NASA-PDS / registry-sweepers

Scripts that run regularly on the registry database, to clean and consolidate information
Apache License 2.0
0 stars 1 forks source link

Profile memory usage #39

Closed alexdunnjpl closed 5 months ago

alexdunnjpl commented 11 months ago

Peak memory usage appears to coincide with the chunked db writes.

Two things spring to mind off the bat

alexdunnjpl commented 11 months ago

2GB f(t) ticks image

alexdunnjpl commented 11 months ago

Switching from dict comprehensions to generator expressions seems like low-hanging fruit with good potential for ROI.

alexdunnjpl commented 11 months ago

Looks like there may not be as much easy gains as I'd hoped.

Given the memory-use suggested by the_bulk logs (some few-hundred MB), the majority of the memory usage seems to be from the objects used to construct the updates, rather than the updates themselves.

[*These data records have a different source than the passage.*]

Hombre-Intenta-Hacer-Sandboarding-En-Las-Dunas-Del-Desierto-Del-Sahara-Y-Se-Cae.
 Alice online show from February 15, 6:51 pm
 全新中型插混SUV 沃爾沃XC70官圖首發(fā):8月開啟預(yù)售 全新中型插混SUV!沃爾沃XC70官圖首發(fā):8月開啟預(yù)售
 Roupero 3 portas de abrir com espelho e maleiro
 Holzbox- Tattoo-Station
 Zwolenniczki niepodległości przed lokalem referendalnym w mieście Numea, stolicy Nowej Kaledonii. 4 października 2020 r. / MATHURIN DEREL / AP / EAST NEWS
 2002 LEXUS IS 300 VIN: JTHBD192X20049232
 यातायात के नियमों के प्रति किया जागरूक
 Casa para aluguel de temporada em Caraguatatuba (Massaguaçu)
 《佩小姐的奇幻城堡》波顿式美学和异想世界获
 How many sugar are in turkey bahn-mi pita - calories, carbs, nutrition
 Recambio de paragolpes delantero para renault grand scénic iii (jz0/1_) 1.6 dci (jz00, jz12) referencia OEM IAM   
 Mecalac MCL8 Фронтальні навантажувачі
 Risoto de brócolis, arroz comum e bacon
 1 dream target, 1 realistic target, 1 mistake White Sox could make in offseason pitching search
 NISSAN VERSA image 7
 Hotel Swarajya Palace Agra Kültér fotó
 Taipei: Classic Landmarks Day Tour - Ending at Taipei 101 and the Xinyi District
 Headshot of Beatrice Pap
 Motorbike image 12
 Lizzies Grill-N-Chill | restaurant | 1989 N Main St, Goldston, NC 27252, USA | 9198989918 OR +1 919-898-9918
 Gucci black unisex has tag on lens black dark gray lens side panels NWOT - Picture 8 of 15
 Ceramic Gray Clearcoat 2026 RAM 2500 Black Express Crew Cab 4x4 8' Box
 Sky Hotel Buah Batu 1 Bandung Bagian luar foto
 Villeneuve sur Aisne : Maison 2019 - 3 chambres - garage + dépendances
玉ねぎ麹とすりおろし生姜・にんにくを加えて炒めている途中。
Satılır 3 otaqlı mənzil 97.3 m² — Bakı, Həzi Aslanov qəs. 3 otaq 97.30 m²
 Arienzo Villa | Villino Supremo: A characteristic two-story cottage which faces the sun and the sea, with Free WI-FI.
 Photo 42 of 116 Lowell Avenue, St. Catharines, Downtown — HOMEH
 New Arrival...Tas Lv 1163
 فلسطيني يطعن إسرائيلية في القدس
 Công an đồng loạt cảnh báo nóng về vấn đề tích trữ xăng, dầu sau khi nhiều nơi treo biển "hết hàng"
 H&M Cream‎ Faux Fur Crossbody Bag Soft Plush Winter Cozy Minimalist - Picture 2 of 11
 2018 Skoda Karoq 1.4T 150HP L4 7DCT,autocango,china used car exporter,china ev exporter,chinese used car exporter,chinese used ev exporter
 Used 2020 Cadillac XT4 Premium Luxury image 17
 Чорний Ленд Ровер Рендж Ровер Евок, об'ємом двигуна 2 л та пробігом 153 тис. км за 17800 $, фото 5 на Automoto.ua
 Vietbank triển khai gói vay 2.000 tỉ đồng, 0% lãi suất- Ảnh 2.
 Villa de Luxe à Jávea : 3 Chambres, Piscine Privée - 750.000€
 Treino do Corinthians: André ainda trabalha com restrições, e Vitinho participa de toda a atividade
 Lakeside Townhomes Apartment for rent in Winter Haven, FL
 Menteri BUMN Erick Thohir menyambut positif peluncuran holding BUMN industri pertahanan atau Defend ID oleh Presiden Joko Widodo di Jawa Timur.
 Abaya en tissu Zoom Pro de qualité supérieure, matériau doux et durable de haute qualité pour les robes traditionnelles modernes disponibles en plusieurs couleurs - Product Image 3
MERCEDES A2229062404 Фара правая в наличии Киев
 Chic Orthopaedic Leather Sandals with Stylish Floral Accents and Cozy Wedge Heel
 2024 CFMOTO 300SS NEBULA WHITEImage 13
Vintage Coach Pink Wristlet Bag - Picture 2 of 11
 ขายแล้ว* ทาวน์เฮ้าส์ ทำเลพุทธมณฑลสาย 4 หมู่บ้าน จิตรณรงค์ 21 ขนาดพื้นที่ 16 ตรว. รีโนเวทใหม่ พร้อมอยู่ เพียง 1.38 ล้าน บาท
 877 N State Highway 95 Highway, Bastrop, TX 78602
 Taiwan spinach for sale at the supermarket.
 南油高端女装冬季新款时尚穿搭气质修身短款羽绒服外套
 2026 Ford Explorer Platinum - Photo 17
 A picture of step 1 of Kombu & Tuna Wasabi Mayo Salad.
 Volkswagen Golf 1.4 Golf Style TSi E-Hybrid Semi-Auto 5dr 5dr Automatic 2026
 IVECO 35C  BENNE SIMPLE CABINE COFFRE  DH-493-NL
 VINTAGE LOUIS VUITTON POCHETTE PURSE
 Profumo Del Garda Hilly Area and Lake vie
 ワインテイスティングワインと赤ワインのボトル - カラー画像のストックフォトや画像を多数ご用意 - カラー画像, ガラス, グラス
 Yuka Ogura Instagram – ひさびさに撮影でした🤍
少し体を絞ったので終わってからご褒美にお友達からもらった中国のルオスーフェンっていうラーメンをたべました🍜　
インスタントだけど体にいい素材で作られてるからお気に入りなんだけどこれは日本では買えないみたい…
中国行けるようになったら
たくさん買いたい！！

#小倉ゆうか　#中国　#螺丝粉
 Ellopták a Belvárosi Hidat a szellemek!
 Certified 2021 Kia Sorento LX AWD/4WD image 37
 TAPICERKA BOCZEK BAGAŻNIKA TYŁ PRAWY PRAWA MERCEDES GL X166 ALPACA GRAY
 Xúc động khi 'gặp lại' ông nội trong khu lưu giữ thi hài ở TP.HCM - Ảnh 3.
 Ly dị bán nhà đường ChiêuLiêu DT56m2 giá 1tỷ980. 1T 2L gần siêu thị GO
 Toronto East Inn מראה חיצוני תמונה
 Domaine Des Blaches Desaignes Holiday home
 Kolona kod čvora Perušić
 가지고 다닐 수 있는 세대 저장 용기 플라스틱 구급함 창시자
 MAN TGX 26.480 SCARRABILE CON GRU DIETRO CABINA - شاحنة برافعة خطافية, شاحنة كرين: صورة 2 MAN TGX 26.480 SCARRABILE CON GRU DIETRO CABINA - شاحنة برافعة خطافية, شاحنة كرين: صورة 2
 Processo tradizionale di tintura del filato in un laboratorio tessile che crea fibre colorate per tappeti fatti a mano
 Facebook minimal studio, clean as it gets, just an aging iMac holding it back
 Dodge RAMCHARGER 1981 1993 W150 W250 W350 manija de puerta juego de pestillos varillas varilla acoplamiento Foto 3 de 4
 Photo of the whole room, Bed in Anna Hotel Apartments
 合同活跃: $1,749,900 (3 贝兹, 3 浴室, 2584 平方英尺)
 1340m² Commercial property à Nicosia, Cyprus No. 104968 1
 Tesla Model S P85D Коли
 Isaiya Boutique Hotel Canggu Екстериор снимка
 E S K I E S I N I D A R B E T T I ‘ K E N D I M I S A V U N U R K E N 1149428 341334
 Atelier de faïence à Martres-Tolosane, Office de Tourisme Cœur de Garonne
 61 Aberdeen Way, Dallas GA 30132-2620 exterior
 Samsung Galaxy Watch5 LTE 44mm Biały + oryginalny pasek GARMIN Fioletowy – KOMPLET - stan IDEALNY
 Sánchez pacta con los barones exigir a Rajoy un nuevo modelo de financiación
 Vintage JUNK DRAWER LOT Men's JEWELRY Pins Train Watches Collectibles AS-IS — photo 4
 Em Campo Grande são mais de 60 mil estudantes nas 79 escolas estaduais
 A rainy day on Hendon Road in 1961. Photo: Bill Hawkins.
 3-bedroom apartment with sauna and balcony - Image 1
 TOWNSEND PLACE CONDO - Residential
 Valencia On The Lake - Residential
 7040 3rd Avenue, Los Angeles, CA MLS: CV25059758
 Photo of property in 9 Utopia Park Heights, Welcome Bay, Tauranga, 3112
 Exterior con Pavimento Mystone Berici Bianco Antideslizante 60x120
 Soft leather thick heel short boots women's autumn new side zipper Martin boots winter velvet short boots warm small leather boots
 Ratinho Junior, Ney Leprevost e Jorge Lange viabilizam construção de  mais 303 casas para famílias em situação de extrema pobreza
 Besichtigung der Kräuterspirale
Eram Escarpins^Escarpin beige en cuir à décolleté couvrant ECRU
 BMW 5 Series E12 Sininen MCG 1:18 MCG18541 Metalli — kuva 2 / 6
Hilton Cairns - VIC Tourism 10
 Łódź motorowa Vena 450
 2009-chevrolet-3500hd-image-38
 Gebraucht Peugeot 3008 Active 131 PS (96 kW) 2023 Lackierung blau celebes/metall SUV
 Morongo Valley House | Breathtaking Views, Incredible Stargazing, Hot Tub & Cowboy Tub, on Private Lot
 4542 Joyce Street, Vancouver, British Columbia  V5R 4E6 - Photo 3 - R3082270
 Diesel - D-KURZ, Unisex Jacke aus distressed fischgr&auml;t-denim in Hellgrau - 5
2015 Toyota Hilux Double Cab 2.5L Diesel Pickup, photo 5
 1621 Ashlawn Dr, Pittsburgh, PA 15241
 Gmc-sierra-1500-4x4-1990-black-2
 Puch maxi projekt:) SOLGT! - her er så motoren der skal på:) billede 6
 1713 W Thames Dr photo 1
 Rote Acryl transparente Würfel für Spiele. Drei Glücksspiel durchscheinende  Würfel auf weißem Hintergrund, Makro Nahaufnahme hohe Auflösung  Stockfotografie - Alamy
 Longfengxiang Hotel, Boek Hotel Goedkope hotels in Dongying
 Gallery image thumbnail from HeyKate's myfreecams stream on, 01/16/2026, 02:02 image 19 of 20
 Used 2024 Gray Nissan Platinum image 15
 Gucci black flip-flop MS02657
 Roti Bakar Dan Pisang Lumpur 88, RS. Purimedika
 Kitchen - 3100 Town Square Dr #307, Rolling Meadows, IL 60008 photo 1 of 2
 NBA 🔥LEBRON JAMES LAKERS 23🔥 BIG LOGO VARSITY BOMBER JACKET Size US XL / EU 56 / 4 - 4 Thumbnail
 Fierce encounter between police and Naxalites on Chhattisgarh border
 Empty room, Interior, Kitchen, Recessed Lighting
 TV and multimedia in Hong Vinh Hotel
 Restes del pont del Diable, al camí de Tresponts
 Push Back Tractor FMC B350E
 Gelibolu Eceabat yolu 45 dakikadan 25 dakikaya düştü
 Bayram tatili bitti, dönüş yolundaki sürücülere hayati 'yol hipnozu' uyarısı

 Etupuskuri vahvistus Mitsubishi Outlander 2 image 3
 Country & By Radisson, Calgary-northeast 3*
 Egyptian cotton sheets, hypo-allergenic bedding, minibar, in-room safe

Because of how ancestry works, it's not possible to chunk (i.e. stream) the processing, as data for all nonaggregate lidvids must be available while ancestry is being built.

So there's probably not much peak memory usage wasted, there.

@jordanpadams suggest tabling this for the time being unless it's causing a problem (doubtful)

alexdunnjpl commented 11 months ago

Actually, there may be an opportunity to page data at the collection level - need to assess the reference dependencies to confirm.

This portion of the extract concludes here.